/GCD

Primary LanguageR

GCD

The script run_analysis.R performs the following steps, the scope being a tidy data set, according to the rules suggested in Hadley Wickham's tidy data paper:

  1. Reads the data sets, along with the dictionaries:
    • subject variable: UCI HAR Dataset/train/subject_train.txt and UCI HAR Dataset/test/subject_test.txt
    • activity variable: UCI HAR Dataset/train/y_train.txt and UCI HAR Dataset/test/y_test.txt
    • feature measurements: UCI HAR Dataset/train/X_train.txt and UCI HAR Dataset/test/X_test.txt
    • dictionaries: activities and features: UCI HAR Dataset/activity_labels.txt and UCI HAR Dataset/features.txt
  2. Merges the training and the test sets to create one data set.
    • Merging colwise and rowwise.
    • The resulting data frame bound.all has a wide format: 10299 observations od 563 variables (1 subject, 1 activity and 561 feature variables).
    • The data is then converted to a long format tidy.all with 4 columns: subject, activity, feature id, and value.
  3. Extracts only the measurements on the mean and standard deviation for each measurement.
    • Out of 561 features, only 66 are selected.
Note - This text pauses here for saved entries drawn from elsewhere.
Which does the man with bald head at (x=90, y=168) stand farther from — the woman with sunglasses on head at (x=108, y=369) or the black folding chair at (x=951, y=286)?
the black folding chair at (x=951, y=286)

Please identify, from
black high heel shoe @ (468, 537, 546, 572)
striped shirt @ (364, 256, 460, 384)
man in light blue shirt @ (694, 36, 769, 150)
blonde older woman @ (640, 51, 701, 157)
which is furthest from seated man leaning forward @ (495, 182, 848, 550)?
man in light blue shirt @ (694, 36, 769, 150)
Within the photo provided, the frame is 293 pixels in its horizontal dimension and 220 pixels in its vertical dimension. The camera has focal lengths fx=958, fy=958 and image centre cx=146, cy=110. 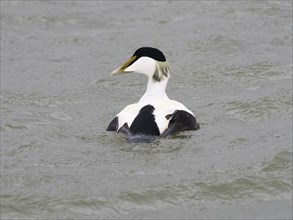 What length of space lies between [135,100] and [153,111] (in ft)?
7.58

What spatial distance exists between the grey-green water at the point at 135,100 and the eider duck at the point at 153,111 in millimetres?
149

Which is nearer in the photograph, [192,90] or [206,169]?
[206,169]

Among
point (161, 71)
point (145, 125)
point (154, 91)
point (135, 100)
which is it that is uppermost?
point (161, 71)

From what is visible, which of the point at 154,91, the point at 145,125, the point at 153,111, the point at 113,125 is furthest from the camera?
the point at 154,91

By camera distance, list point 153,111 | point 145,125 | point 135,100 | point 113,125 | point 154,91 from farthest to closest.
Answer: point 135,100, point 154,91, point 113,125, point 153,111, point 145,125

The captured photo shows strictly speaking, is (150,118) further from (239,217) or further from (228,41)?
(228,41)

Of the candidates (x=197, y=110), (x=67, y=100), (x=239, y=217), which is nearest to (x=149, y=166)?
(x=239, y=217)

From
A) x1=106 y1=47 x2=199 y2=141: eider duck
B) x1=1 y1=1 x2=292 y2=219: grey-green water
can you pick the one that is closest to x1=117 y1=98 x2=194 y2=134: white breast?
x1=106 y1=47 x2=199 y2=141: eider duck

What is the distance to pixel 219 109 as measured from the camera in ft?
37.9

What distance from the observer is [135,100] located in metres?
12.4

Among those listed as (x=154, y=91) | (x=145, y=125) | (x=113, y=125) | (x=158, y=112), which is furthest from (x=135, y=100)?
(x=145, y=125)

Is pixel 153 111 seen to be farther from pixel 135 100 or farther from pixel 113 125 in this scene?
pixel 135 100

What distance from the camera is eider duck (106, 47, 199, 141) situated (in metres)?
9.86

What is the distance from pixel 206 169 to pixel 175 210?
95cm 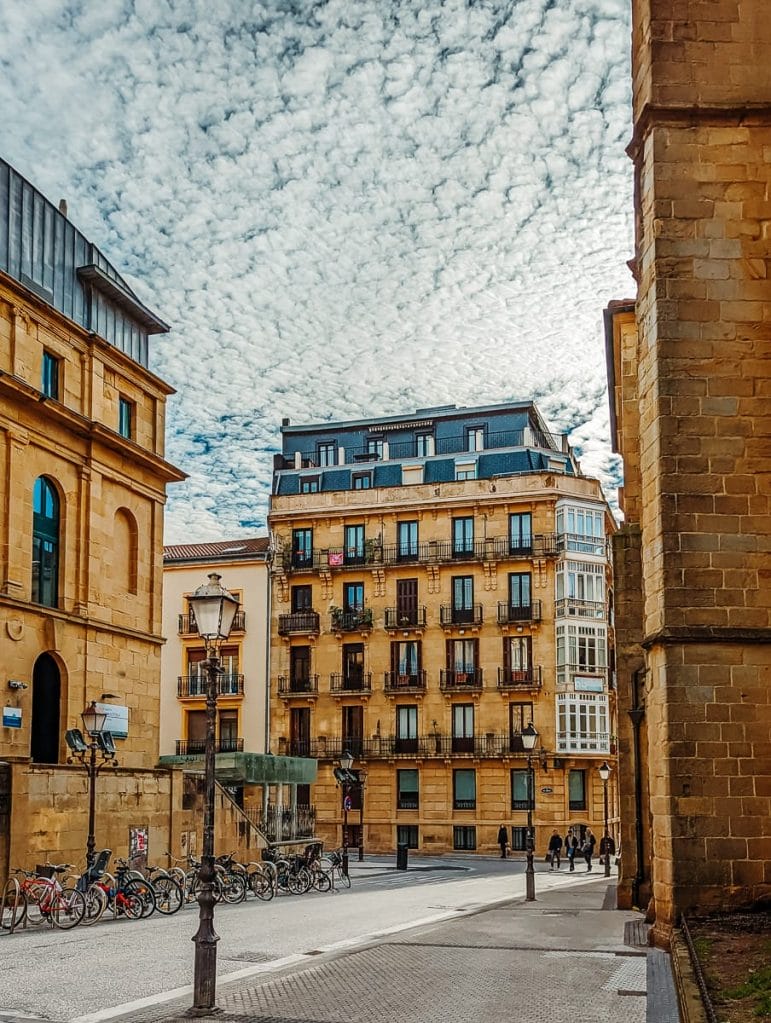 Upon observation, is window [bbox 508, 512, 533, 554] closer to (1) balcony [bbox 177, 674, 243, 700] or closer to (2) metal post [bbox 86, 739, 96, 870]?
(1) balcony [bbox 177, 674, 243, 700]

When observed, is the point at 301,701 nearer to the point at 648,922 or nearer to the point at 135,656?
the point at 135,656

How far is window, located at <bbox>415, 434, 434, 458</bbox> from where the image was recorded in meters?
64.1

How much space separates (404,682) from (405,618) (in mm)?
3035

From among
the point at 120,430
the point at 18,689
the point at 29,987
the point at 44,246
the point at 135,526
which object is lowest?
the point at 29,987

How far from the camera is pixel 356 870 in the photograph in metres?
40.3

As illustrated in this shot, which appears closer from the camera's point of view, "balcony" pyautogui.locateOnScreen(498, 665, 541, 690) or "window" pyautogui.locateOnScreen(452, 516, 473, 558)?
"balcony" pyautogui.locateOnScreen(498, 665, 541, 690)

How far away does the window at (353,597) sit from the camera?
59750mm

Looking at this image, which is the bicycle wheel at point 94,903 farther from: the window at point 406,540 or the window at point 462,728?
the window at point 406,540

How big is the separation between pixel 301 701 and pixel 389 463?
41.7 ft

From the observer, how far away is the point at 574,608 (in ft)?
183

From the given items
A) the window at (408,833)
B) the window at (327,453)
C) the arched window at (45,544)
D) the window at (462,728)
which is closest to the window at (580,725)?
the window at (462,728)

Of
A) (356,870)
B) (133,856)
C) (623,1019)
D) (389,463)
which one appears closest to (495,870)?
(356,870)

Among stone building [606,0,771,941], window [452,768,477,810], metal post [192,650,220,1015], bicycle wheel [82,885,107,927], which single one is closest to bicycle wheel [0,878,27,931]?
bicycle wheel [82,885,107,927]

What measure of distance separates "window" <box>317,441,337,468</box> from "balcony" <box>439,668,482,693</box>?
49.2ft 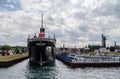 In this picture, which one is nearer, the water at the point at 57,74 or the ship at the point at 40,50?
the water at the point at 57,74

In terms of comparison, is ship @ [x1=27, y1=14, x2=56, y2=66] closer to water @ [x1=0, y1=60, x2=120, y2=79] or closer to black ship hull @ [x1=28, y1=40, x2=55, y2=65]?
black ship hull @ [x1=28, y1=40, x2=55, y2=65]

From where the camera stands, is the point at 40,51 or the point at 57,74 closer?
the point at 57,74

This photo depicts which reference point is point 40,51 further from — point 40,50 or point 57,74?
point 57,74

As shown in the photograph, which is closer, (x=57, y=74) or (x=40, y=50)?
(x=57, y=74)

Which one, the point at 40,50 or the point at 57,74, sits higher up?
the point at 40,50

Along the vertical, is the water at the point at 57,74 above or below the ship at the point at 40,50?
below

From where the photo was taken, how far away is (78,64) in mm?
58562

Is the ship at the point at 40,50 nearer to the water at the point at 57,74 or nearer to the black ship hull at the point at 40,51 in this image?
the black ship hull at the point at 40,51

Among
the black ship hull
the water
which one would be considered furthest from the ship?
the water

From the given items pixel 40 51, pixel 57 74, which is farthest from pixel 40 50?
pixel 57 74

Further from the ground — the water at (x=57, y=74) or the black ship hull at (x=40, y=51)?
the black ship hull at (x=40, y=51)

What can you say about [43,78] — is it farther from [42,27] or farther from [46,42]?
[42,27]

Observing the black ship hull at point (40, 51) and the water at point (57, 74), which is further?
the black ship hull at point (40, 51)

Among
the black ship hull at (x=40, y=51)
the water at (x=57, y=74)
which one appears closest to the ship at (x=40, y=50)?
the black ship hull at (x=40, y=51) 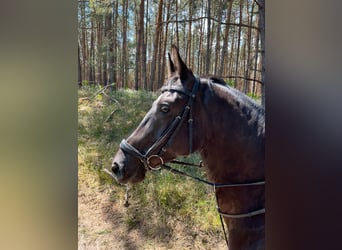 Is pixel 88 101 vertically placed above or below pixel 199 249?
above

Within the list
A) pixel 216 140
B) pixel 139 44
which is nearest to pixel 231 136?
pixel 216 140

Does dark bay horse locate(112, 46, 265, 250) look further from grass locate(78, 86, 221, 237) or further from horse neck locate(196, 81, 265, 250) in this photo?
grass locate(78, 86, 221, 237)

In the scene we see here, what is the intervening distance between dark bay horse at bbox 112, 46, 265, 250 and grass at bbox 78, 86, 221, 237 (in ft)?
0.42

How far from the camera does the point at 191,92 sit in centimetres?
113

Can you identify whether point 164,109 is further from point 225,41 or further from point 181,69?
point 225,41

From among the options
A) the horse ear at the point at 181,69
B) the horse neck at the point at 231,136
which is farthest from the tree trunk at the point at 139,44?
the horse neck at the point at 231,136

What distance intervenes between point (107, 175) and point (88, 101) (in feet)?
1.16

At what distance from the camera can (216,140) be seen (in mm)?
1117

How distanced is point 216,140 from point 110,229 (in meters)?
0.68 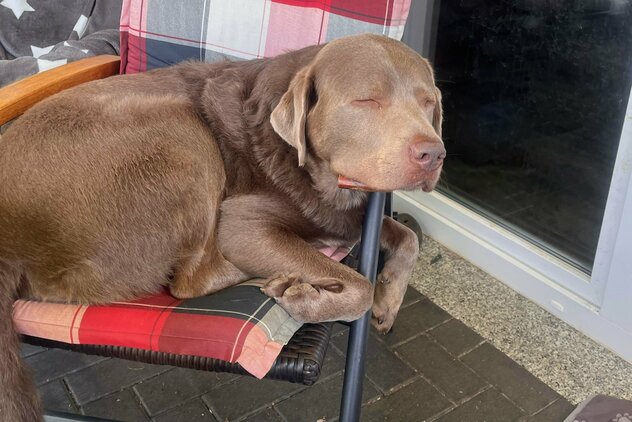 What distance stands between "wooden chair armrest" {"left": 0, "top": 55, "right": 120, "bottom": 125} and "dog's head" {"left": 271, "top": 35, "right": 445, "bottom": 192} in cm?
76

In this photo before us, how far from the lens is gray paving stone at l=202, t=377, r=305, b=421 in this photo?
7.09ft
The filtered tidy.all data frame has 679734 rows and 4 columns.
  4. Uses descriptive activity names to name the activities in the data set.
    • The activities dictionary is used.
  5. Appropriately labels the data set with descriptive variable names.
    • Each feature gets a descriptive label from the features dictionary.
  6. From the data set in previous step, creates a second, independent tidy data set with the average of each variable for each activity and each subject.
    • The resulting data frame tidy.mean is eventually written to the file tidy_mean.txt.